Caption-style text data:
BEGIN

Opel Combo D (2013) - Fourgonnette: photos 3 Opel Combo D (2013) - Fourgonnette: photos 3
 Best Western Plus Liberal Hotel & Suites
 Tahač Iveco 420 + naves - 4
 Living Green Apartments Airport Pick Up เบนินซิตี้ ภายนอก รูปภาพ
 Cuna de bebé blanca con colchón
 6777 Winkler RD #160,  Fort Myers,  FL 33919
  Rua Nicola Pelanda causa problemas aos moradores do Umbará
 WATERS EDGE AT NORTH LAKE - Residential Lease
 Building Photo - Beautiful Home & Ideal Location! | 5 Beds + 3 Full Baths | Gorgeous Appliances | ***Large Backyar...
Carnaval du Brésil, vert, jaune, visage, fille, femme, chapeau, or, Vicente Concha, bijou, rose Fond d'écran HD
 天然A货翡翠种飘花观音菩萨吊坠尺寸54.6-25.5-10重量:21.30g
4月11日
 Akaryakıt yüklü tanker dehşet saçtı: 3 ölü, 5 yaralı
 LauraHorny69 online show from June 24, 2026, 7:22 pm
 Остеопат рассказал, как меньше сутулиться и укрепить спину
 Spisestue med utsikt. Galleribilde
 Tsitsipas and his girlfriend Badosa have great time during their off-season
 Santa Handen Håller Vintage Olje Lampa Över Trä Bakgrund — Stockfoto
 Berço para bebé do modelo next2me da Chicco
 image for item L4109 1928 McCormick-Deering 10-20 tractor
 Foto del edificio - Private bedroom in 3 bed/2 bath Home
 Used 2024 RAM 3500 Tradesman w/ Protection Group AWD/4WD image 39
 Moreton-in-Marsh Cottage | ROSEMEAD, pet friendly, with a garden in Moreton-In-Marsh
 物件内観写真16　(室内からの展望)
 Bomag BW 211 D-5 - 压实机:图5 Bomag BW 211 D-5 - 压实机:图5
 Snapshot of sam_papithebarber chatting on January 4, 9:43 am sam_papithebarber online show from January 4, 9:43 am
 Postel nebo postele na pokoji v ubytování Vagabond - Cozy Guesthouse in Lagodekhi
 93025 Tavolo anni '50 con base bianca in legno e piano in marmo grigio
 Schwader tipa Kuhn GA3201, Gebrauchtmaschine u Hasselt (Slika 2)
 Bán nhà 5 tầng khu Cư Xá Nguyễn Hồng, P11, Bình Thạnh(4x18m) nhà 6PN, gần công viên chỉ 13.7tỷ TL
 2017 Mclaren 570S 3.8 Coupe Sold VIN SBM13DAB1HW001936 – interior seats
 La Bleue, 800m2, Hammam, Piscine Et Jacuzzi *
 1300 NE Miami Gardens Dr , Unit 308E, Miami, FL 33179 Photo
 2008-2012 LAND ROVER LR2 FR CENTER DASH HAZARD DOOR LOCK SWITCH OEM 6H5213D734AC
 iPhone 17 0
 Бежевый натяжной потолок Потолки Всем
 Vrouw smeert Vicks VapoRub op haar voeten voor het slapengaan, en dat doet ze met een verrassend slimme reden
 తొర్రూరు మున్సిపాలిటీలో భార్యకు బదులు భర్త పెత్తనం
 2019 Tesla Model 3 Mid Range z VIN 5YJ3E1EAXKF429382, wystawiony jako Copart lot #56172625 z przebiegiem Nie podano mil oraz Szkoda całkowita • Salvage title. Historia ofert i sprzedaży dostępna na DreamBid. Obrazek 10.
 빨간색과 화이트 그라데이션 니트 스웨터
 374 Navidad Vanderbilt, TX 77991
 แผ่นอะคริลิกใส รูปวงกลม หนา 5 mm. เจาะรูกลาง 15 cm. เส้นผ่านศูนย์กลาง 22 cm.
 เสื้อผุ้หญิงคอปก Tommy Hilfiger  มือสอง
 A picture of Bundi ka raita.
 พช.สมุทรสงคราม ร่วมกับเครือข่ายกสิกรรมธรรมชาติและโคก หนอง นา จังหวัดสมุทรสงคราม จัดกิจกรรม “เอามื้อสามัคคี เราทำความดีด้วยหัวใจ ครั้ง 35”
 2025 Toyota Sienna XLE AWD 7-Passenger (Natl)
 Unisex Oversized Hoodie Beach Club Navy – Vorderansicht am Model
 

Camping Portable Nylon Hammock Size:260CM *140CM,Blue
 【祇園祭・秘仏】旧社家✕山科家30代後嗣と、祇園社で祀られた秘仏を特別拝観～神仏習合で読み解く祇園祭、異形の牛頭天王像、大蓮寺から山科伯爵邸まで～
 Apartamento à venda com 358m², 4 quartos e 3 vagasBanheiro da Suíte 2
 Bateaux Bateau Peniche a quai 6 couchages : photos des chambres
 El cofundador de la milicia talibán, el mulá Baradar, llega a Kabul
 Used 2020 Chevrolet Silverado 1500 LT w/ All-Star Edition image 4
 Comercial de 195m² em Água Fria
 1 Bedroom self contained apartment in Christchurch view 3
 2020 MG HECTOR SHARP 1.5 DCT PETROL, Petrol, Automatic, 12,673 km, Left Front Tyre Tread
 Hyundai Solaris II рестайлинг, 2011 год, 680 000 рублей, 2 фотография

END

__Directions for this task__
All that belongs in the answer is an exact copy of the lines from the start of the records above through the line with "6777 Winkler RD".

__Reply to the task__
Opel Combo D (2013) - Fourgonnette: photos 3 Opel Combo D (2013) - Fourgonnette: photos 3
 Best Western Plus Liberal Hotel & Suites
 Tahač Iveco 420 + naves - 4
 Living Green Apartments Airport Pick Up เบนินซิตี้ ภายนอก รูปภาพ
 Cuna de bebé blanca con colchón
 6777 Winkler RD #160,  Fort Myers,  FL 33919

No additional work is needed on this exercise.